(DATA BELOW)
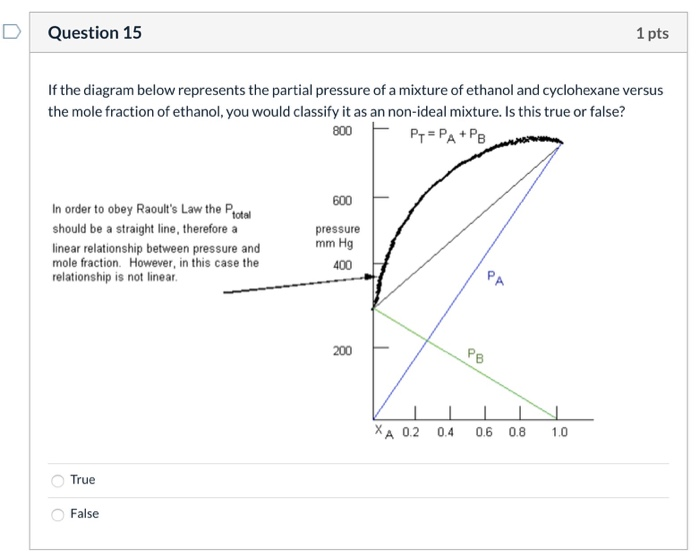 Solved D Question 13 1 pts In order to evacuate the vacuum | Chegg.com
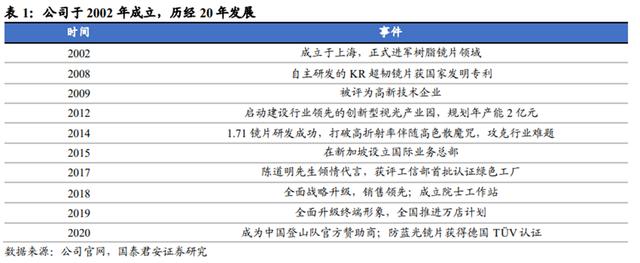 近几年镜片行业现状，2022年中国眼镜行业市场现状及发展前景预测分析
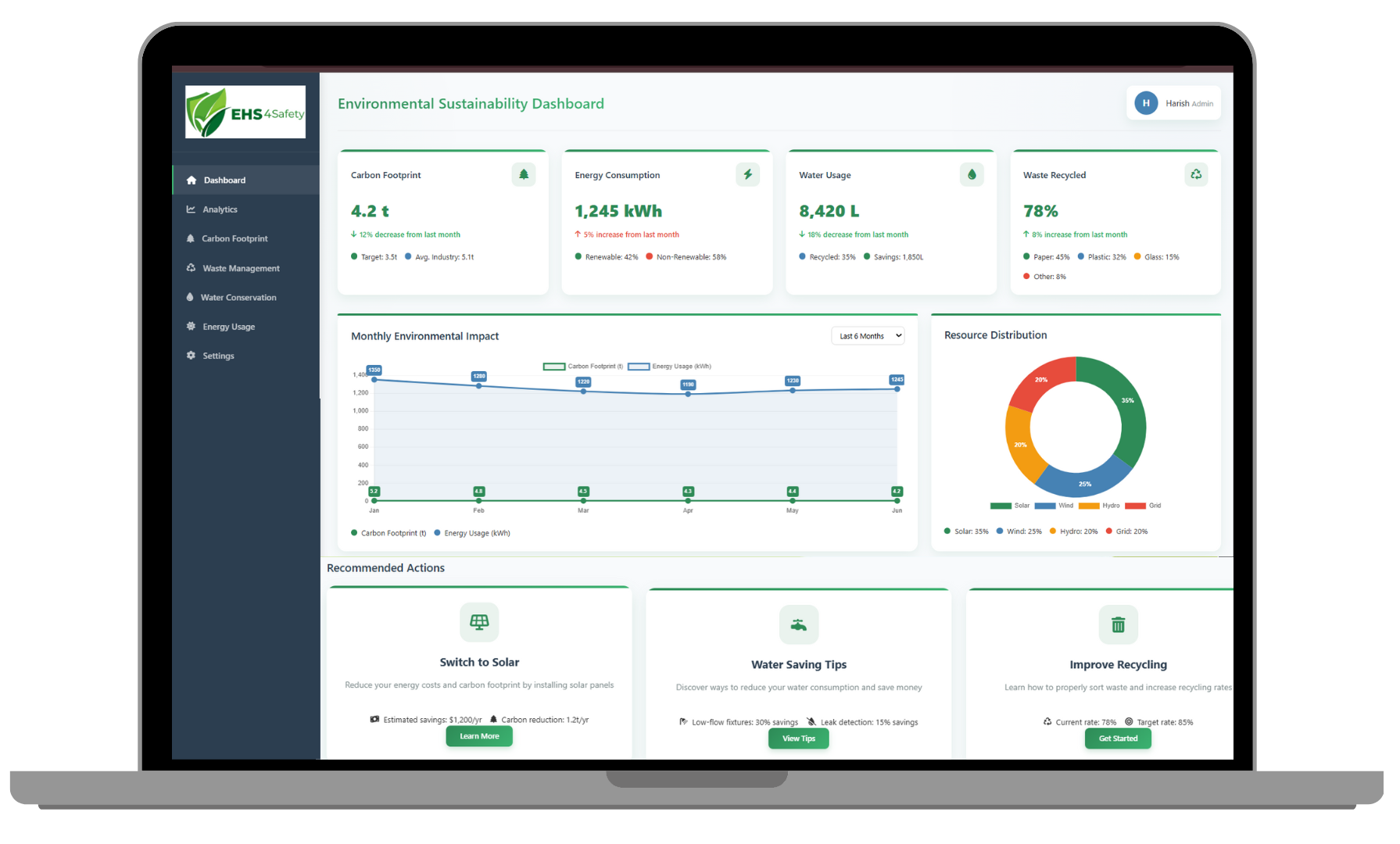 Environmental Sustainability Software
(End DATA BELOW)
* _WORK ORDER_: Write the listing out exactly, apart from its pictures.

* _ANSWER TO THE EXERCISE_:
 Solved D Question 13 1 pts In order to evacuate the vacuum | Chegg.com
 近几年镜片行业现状，2022年中国眼镜行业市场现状及发展前景预测分析
 Environmental Sustainability Software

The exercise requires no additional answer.